» **Directions**:
Copy the complete listing word for word, but do not carry over any images.

» **Data extract**:
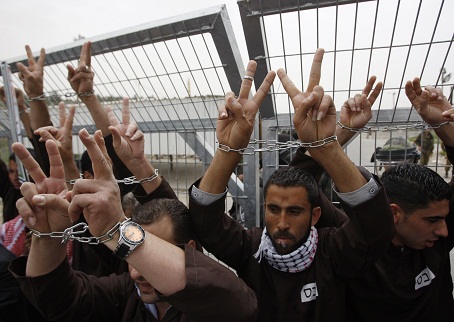 نتيجة بحث الصور عن إضراب الأٍرى الفلسطينيين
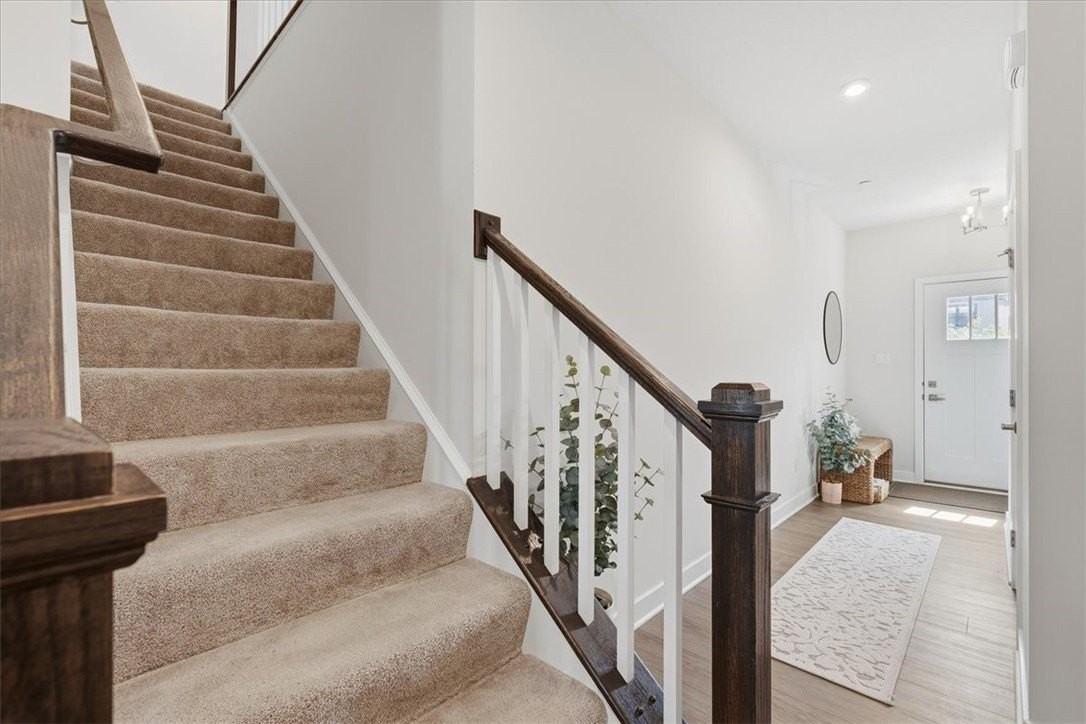 5203 Spruce Rd - Photo 6 of 38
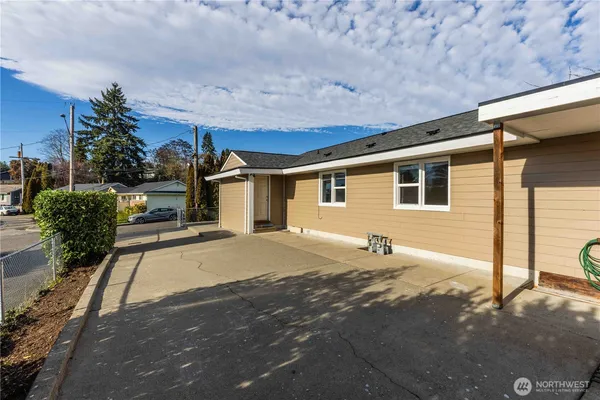 $475,000 | 119 Elm Street, Unit A B, Bremerton, WA 98310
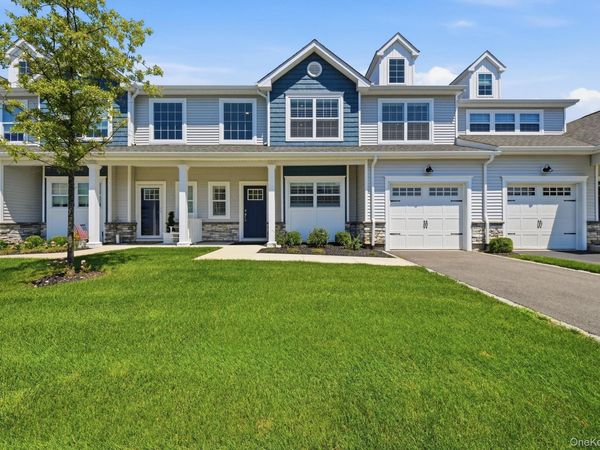 72 Farm Acre Circle , Mount Sinai, NY 11766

» **Written solution**:
 نتيجة بحث الصور عن إضراب الأٍرى الفلسطينيين
 5203 Spruce Rd - Photo 6 of 38
 $475,000 | 119 Elm Street, Unit A B, Bremerton, WA 98310
 72 Farm Acre Circle , Mount Sinai, NY 11766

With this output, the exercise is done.